In both portraits the mouths are the site of further violence and incredible painterly invention. The arcs of blue obscuring the lower part of his face telescope our attention on the elongated and mangled jaw line in both pictures. Whether tooth-bearing and screaming as in his earlier work (most notably the corpus after Velazquez’s Pope Innocent X) or as a compressed impression of lips as in the present portraits of Clive Barker, Bacon maintained an abiding obsession with mouths throughout his lifetime. Prior to the execution of Three Studies for Figures at the Base of a Crucifixion in 1944, Bacon had studied a 19th century book on diseases of the mouth for its explicit and viscerally colorful hand-painted illustrations. In the present work, the lasting influence of this book, paired with Bacon’s erotic fascination with the mouth, is formalized by compositional elements that echo the diagrams in K.C. Clark's Positioning in Radiography (London 1939) – another highly influential source for Bacon owing to its encyclopedic illustration of X-ray photography. These medical and biological fascinations paired with a revealing of the moribund and violent all form a part of how Bacon existentially dissects what it is to be human, that existence is purely flesh and physicality. In his paintings he flays and undoes corporeal boundaries and pokes at our fleshy make-up with his brush, transcribing, dissecting and pinning it back in place. 

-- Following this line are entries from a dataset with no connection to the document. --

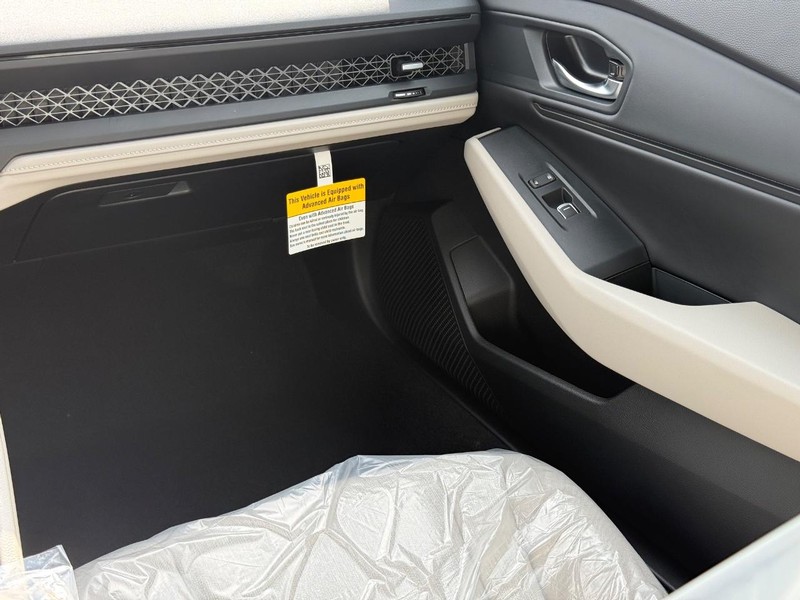 Honda Accord Sedan Vehicle Image 10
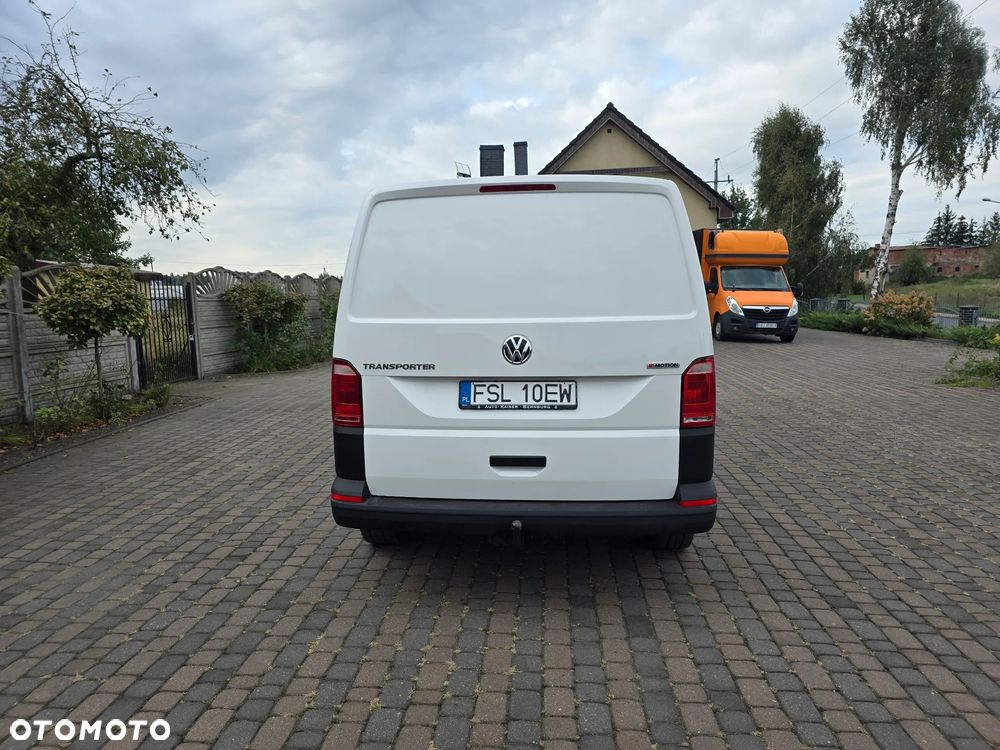 Volkswagen Transporter T6 4MOTION Lang - 16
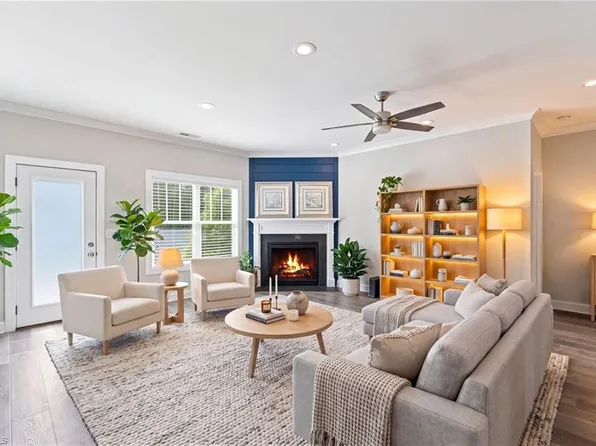 78 Robinhood Cir, Winston Salem, NC 27106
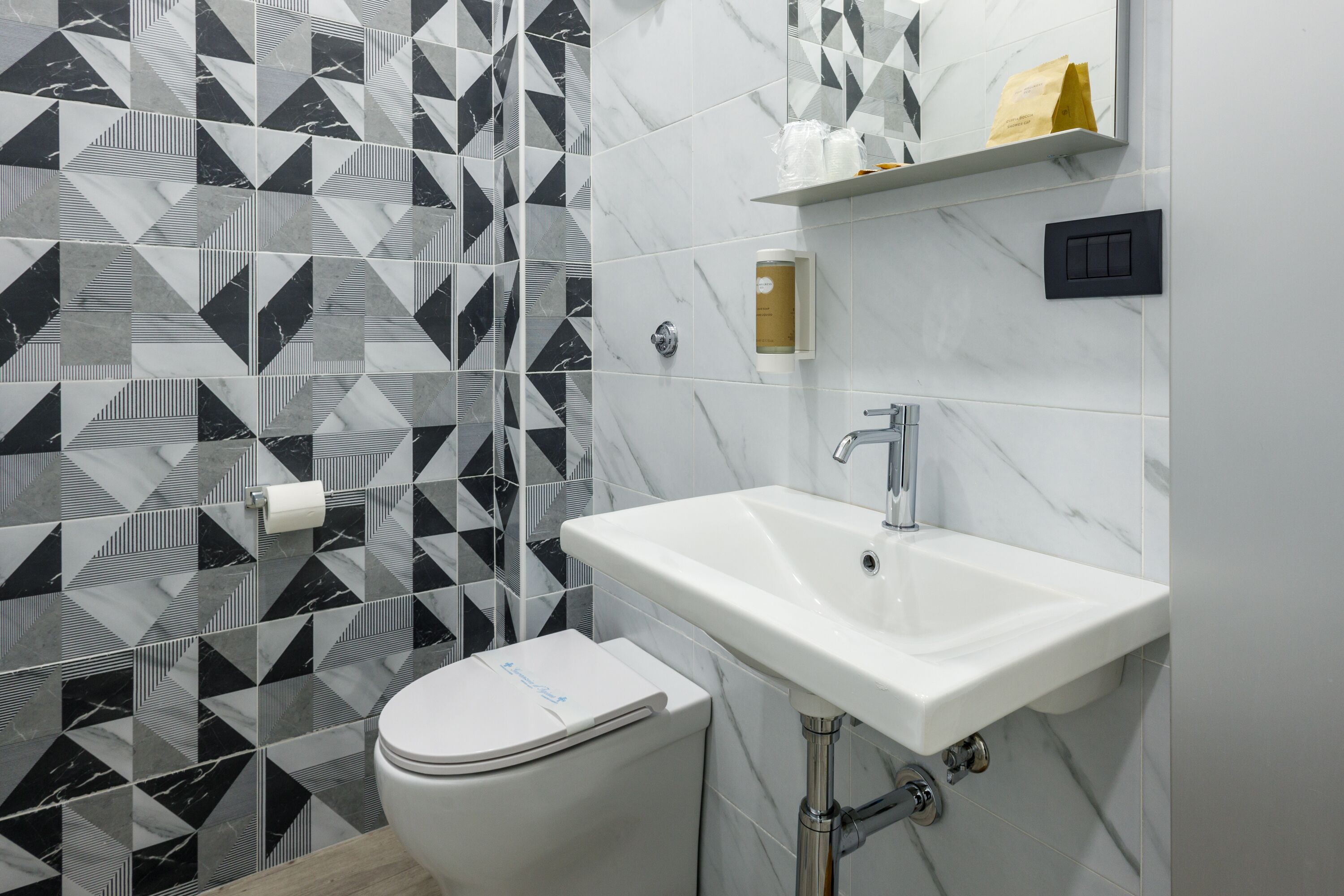 Photo - Crossroad Hotel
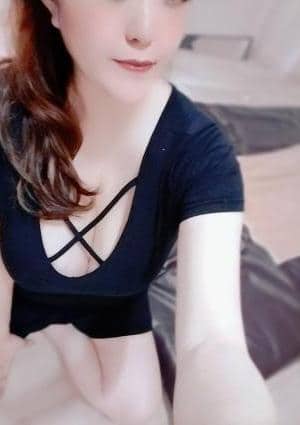 浅野まな（Jカップ）の画像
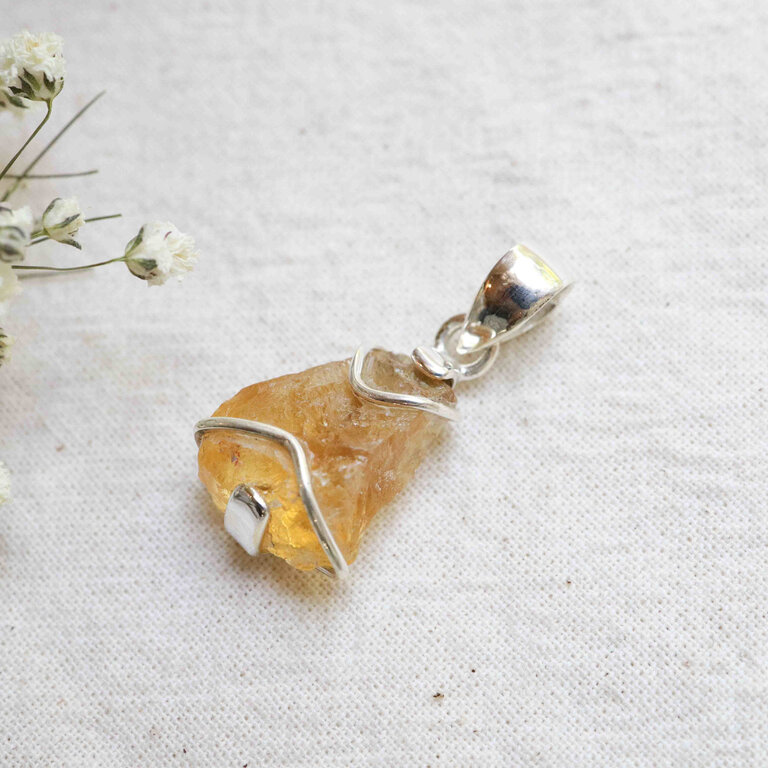 Citrine Pendant - Vague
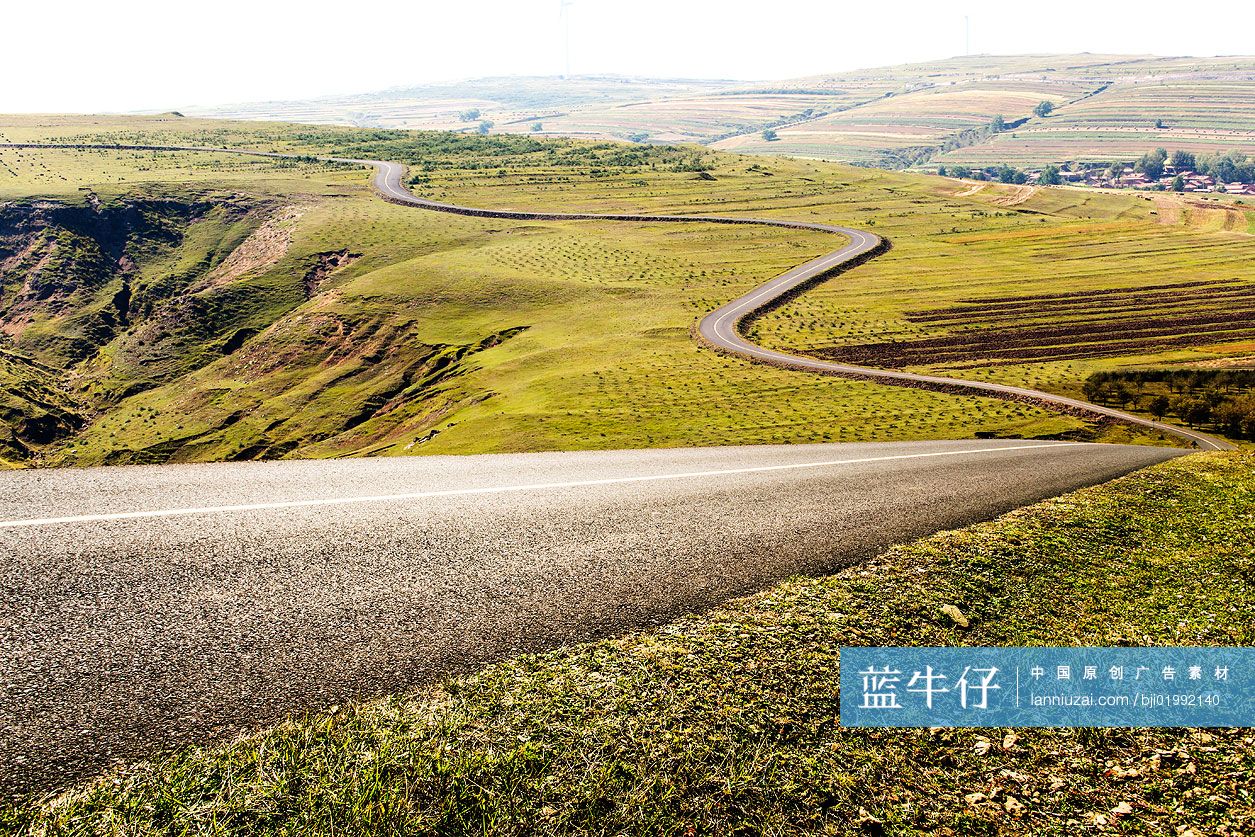 河北草原天路风光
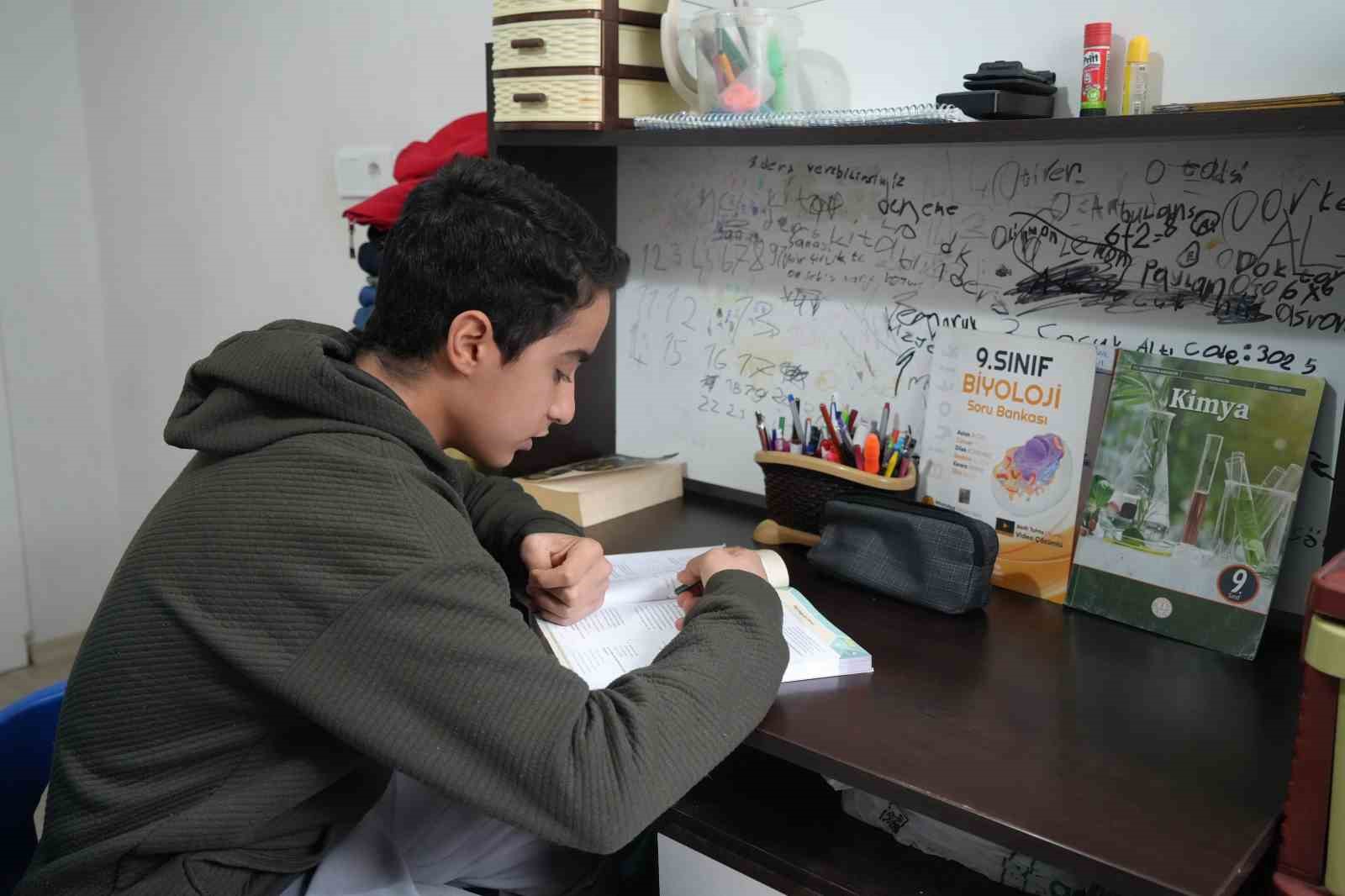 Depremde 6 kişilik aileden sadece o hayatta kaldı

As Michael Peppiatt illustrates, Bacon’s portraits are an enactment of his own thoughts on the nature of real friendship; the artist is famously quoted saying: "I’ve always thought of friendship as where two people really tear each other apart," indeed, in his portraits Bacon mercilessly pulls, rips and cleaves the intricacies of his friends’ likenesses until their flayed countenances distill some essential physical and pictorial truth” (Michael Peppiatt, Francis Bacon: Anatomy of an Enigma, London, 2009, p. 257). Moreover, very much related to Picasso’s reworkings of the human head initiated in 1907, this diptych combines a translation of successive movement inspired by Muybridge’s The Human Figure in Motion, as well as Duchamp’s Nude Descending a Staircase. Emulating mug-shot proportions of a photobooth portrait, the unadorned immediacy of Bacon’s small portraits radiate endurance, nervousness, and involuntary mannerisms: these heads truly embody Bacon’s desire to paint as close to the ‘nervous system’ as possible. To quote William Feaver: “‘Studies’ or exercises though they are, these small paintings are central to Bacon’s art. The scale of a bathroom mirror-image makes them one-to-one… No rooms, no thrones, no perfunctory landscape settings are needed. Without context or posture, the heads have nothing to do but look, sometimes at one another, and wait” (William Feaver in Op. Cit., n.p.). A series and format first settled upon in 1961 and maintained until the very end, these intimately scaled works form the very staple of Bacon’s mature practice, acting as the primary locus for the ‘brutality of fact’ and most immediate site for loosening the ‘valves of feeling’ so frequently referred to by the artist. Unaccompanied and isolated within a dark ground, with Two Studies for Portrait of Clive Barker our sight is rapt by the visceral and psychological charge of Bacon’s distorted yet searingly honest vision of humanity.